■ **Task instructions**
Scan the listing below for the word "Wheel" and state how many lines hold it. Write nothing but the number.

■ **Supplied data**
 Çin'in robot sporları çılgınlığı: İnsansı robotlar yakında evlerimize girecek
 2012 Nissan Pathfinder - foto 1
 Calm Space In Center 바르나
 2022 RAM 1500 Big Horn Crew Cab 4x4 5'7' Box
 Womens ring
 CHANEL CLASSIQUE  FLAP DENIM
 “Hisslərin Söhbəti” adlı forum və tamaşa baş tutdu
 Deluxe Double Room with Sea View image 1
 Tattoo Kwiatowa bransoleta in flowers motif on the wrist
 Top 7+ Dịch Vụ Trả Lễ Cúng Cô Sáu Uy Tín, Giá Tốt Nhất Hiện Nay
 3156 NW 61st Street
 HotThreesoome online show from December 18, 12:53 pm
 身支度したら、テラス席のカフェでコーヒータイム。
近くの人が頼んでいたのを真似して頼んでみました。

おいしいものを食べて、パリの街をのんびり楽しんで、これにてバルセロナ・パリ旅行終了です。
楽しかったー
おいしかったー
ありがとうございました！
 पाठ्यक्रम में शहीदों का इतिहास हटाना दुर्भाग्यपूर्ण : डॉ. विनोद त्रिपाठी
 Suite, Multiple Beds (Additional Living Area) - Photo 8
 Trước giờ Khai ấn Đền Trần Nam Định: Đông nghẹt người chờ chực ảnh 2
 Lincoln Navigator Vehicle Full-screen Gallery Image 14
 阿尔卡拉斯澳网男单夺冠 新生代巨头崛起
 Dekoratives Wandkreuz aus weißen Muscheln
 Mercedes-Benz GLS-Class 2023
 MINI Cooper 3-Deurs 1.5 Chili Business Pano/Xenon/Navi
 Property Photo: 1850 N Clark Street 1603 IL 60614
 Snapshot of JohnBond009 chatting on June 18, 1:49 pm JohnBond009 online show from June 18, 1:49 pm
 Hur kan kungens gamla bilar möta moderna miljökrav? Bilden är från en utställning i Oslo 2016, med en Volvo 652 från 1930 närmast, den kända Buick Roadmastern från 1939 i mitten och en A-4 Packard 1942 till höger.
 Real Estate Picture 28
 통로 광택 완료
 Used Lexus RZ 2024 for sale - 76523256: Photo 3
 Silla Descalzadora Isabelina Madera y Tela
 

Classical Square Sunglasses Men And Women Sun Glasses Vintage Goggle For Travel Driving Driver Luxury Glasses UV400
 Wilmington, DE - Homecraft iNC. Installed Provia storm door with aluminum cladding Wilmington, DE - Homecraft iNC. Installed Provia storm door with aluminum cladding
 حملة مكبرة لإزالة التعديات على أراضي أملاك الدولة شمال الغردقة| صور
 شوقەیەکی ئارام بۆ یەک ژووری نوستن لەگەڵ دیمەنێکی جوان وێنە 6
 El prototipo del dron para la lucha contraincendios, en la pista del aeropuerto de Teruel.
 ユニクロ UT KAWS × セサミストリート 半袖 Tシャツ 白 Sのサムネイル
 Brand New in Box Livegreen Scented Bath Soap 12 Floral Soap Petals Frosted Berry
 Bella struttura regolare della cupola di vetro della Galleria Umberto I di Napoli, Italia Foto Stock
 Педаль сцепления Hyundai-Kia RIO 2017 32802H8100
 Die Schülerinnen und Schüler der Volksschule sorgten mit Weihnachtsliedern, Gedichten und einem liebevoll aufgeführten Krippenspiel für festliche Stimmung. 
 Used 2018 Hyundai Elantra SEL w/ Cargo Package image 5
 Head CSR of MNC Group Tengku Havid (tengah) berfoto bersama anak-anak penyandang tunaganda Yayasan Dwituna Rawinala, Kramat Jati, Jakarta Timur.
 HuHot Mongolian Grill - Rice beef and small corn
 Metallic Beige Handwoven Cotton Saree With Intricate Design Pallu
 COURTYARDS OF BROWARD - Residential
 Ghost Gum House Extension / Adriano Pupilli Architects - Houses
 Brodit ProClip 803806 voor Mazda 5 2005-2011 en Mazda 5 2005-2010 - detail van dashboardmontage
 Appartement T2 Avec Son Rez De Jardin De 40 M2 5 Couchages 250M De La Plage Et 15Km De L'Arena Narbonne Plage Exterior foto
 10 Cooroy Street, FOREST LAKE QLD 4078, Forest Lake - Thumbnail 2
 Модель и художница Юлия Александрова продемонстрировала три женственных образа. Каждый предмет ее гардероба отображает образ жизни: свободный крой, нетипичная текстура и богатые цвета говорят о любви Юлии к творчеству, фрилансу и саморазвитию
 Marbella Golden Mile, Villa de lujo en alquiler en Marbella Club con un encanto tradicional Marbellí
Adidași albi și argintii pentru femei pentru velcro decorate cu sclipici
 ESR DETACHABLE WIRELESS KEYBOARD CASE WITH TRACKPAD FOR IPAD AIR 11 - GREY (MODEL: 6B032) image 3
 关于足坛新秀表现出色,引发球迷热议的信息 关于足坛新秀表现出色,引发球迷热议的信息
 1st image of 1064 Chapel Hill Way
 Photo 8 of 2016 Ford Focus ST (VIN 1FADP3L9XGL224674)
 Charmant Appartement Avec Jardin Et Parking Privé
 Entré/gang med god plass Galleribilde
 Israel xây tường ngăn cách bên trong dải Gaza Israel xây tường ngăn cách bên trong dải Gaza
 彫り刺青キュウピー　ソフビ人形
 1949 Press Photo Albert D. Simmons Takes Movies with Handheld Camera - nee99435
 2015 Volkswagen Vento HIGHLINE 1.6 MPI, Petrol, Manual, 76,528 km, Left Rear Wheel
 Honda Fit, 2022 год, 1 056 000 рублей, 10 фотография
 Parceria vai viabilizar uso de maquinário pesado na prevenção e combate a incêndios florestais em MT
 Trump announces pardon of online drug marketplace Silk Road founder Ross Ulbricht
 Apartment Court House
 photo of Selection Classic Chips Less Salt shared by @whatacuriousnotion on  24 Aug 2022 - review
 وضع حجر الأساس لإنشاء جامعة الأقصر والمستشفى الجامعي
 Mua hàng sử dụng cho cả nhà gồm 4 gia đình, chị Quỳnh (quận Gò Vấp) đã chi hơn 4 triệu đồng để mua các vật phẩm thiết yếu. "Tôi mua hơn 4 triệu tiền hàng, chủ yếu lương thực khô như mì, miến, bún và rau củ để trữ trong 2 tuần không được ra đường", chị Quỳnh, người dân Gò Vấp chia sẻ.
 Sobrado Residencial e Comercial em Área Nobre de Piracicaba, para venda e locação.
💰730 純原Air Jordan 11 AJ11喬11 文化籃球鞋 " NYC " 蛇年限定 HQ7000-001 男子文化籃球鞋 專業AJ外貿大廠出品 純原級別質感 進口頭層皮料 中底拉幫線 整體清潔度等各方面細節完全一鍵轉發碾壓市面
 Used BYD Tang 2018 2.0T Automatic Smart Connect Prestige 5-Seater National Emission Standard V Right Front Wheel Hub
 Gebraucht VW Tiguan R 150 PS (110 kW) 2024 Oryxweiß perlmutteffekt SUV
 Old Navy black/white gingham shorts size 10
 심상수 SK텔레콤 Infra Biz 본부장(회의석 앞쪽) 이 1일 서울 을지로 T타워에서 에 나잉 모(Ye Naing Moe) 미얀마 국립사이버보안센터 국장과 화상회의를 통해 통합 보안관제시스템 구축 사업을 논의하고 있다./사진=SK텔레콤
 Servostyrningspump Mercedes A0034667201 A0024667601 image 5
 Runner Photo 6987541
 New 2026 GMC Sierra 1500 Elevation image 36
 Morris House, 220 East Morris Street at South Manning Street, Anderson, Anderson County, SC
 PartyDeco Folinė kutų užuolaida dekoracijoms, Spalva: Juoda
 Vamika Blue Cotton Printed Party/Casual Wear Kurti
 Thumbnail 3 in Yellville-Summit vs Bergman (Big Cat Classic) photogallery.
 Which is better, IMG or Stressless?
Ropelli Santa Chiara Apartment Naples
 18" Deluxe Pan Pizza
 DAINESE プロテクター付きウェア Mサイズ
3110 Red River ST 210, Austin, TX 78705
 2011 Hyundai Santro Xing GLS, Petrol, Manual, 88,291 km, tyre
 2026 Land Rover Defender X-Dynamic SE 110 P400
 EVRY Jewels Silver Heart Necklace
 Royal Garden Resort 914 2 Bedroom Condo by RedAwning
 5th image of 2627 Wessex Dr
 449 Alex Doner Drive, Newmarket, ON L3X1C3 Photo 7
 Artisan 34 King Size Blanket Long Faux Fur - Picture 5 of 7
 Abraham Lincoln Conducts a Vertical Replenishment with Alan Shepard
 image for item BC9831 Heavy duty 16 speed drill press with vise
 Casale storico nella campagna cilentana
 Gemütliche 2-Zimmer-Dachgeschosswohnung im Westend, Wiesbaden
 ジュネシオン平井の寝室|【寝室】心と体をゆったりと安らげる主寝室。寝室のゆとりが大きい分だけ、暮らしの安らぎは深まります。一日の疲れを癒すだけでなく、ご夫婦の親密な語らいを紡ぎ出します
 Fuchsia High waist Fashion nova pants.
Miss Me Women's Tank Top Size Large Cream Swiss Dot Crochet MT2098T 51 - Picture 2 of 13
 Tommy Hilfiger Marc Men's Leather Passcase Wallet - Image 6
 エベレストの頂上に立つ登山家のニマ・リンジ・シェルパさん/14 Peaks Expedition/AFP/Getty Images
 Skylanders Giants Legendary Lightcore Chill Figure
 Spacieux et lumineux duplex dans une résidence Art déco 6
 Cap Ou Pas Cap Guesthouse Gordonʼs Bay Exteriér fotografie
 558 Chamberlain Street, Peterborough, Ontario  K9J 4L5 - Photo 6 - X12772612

■ **The answer**
2